Represents a Gated Linear Unit (GLU) layer in a neural network that combines linear transformation with multiplicative gating.

public class GatedLinearUnitLayer<T> : LayerBase<T>, ILayer<T>, IJitCompilable<T>, IDiagnosticsProvider, IWeightLoadable<T>, IDisposable

Type Parameters

T

The numeric type used for calculations, typically float or double.

Inheritance
GatedLinearUnitLayer<T>
Implements
Derived
Inherited Members

Remarks

A Gated Linear Unit (GLU) is a neural network layer that combines linear transformations with a gating mechanism. It applies two parallel linear transformations to the input: one produces a linear output, and the other produces a gate that controls how much of the linear output passes through. The final output is the element-wise product of the linear output and the activated gate. GLUs were introduced to help with vanishing gradient problems in deep networks and have been particularly effective in natural language processing and sequence modeling tasks.

For Beginners: A Gated Linear Unit is like a smart filter that controls how much information flows through.

Imagine water flowing through a pipe with an adjustable valve:

  • The water is the input data
  • One part of the layer (linear part) processes the water
  • Another part (gate) controls how much processed water flows through
  • Together they decide "what information is important to keep"

For example, in language processing:

  • The linear transformation might extract features from words
  • The gate might decide which features are relevant to the current context
  • Their combination helps the network focus on important information

GLUs are particularly good at:

  • Controlling information flow through the network
  • Helping gradients flow during training (preventing vanishing gradients)
  • Allowing the network to selectively use information

This selectivity is valuable in many tasks, especially those involving sequences like text or time-series data.

Constructors

GatedLinearUnitLayer(int, int, IActivationFunction<T>?)

public GatedLinearUnitLayer(int inputDimension, int outputDimension, IActivationFunction<T>? gateActivation = null)

Parameters

inputDimension int
outputDimension int
gateActivation IActivationFunction<T>

GatedLinearUnitLayer(int, int, IVectorActivationFunction<T>?)

Initializes a new instance of the GatedLinearUnitLayer<T> class with a vector activation function.

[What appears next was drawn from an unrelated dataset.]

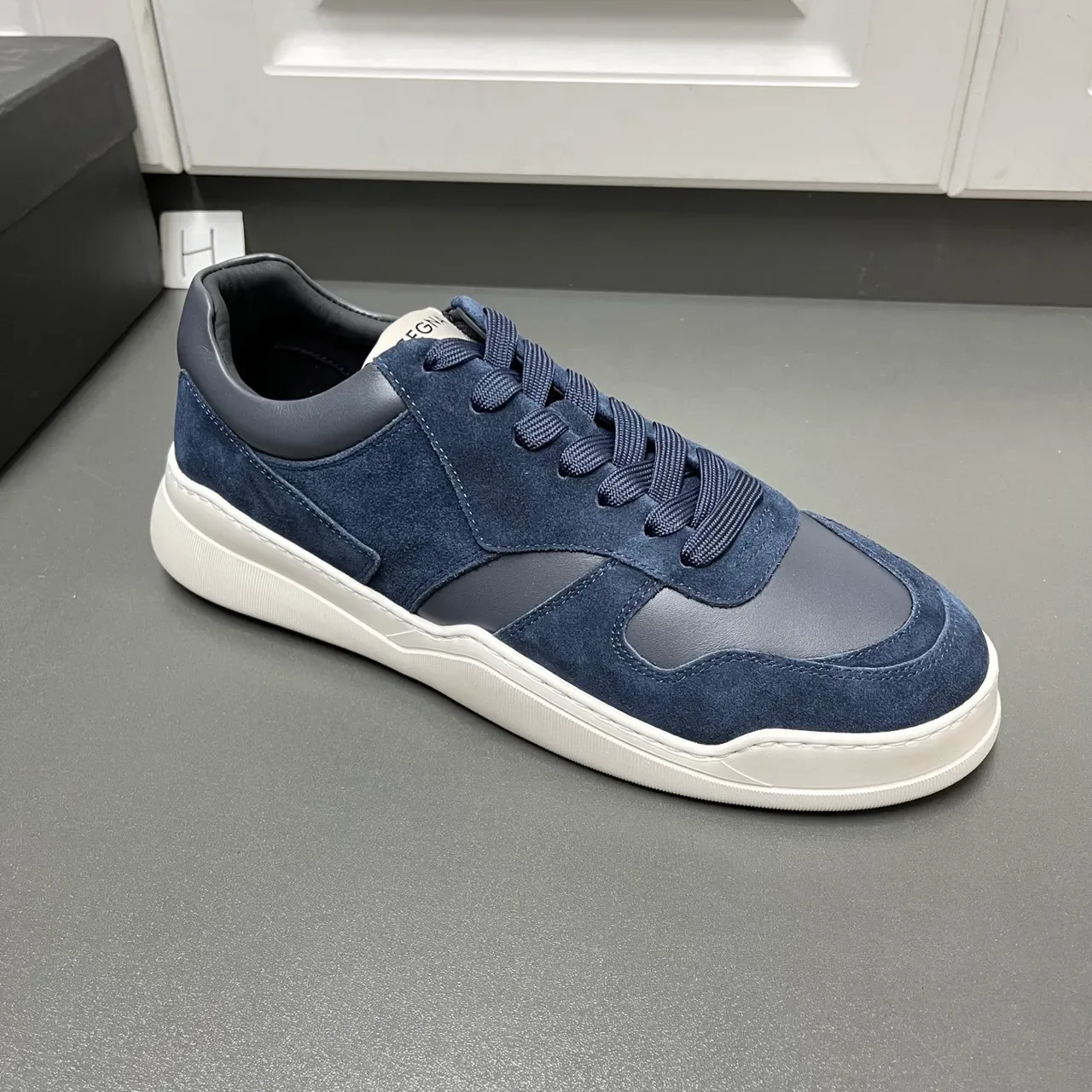 Zegna Navy Suede and Leather Panel Lifestyle Sneakers 4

public GatedLinearUnitLayer(int inputDimension, int outputDimension, IVectorActivationFunction<T>? gateActivation = null)

Parameters

inputDimension int

The number of input features.

outputDimension int

The number of output features.

gateActivation IVectorActivationFunction<T>

The vector activation function to apply to the gating mechanism. Defaults to Sigmoid if not specified.

Remarks

This constructor creates a new GLU layer with the specified input and output dimensions and vector gate activation function. The weights for both paths are initialized with small random values, and the biases are initialized to zero. Unlike the other constructor, this one accepts a vector activation function that operates on entire vectors rather than individual scalar values.

For Beginners: This is an alternative setup that uses a different kind of activation function for the gate.

This constructor is almost identical to the first one, but with one key difference:

  • Regular activation: processes each gate value separately
  • Vector activation: processes the entire gate vector together

Vector activations might be useful for specialized gating where gate values should influence each other. For most common use cases, the standard constructor with sigmoid activation works well.

The default is still sigmoid activation, which is usually the best choice for GLU layers because its 0-1 range makes it ideal for gating.

Properties

ParameterCount

Gets the total number of trainable parameters in this layer.

public override int ParameterCount { get; }

Property Value

int

The sum of elements in all weight and bias tensors (linear weights, gate weights, linear bias, gate bias).

Remarks

This property returns the total count of learnable parameters across all four parameter tensors: linear weights, gate weights, linear biases, and gate biases.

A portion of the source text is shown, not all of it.